### Work task
An exact reproduction of the records is required, with all images left out.

START Data for processing

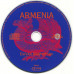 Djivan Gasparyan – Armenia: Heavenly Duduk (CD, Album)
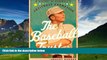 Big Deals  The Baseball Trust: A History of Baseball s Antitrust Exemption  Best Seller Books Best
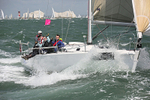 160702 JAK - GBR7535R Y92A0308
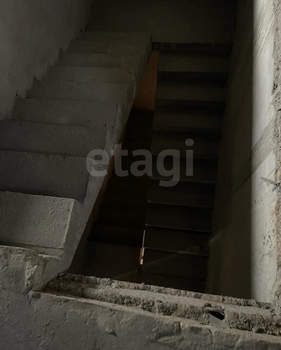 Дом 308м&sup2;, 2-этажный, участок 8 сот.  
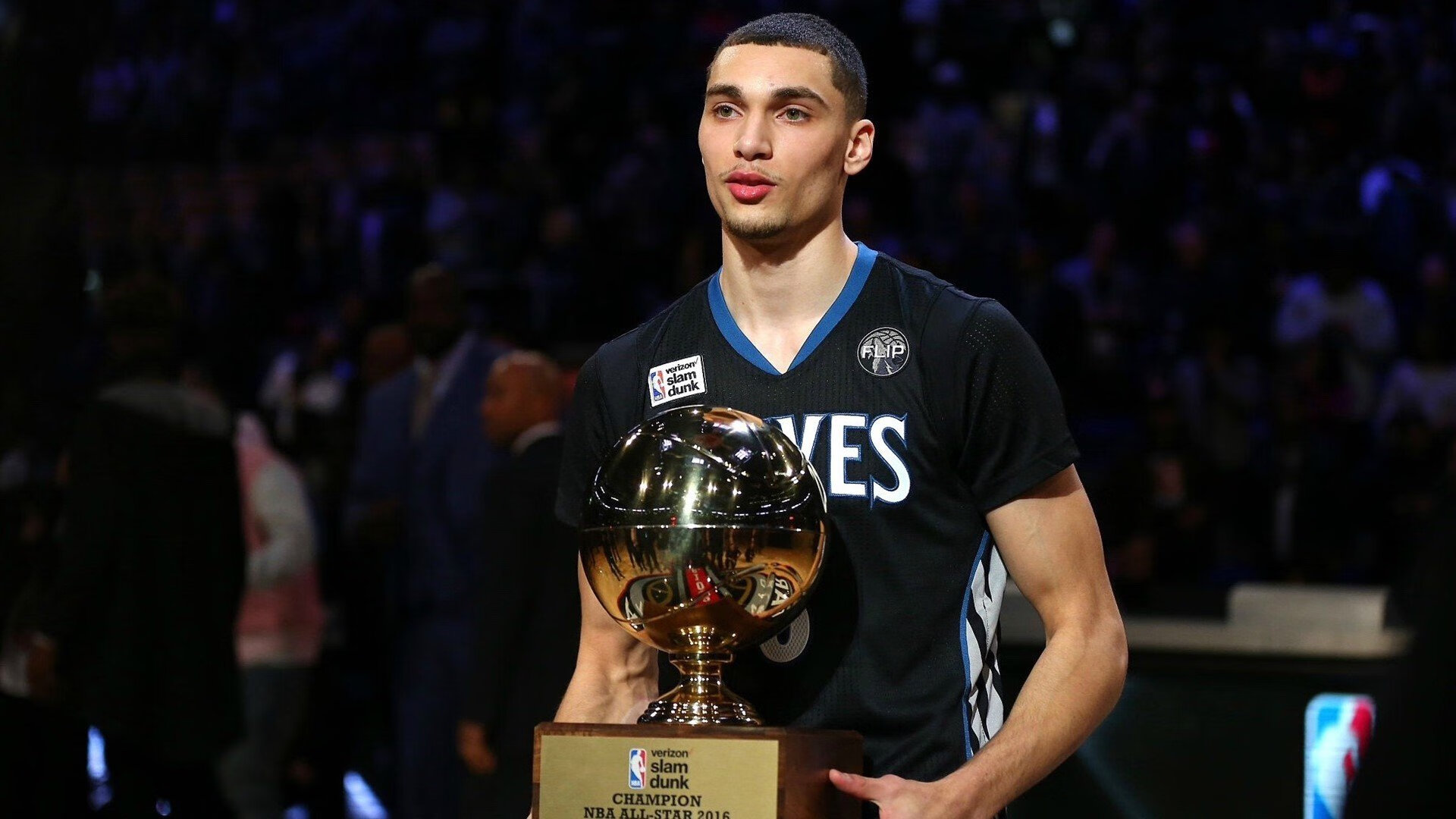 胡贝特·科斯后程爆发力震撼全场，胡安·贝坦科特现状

END Data for processing

### Response for this exercise
 Djivan Gasparyan – Armenia: Heavenly Duduk (CD, Album)
 Big Deals  The Baseball Trust: A History of Baseball s Antitrust Exemption  Best Seller Books Best
 160702 JAK - GBR7535R Y92A0308
 Дом 308м&sup2;, 2-этажный, участок 8 сот.  
 胡贝特·科斯后程爆发力震撼全场，胡安·贝坦科特现状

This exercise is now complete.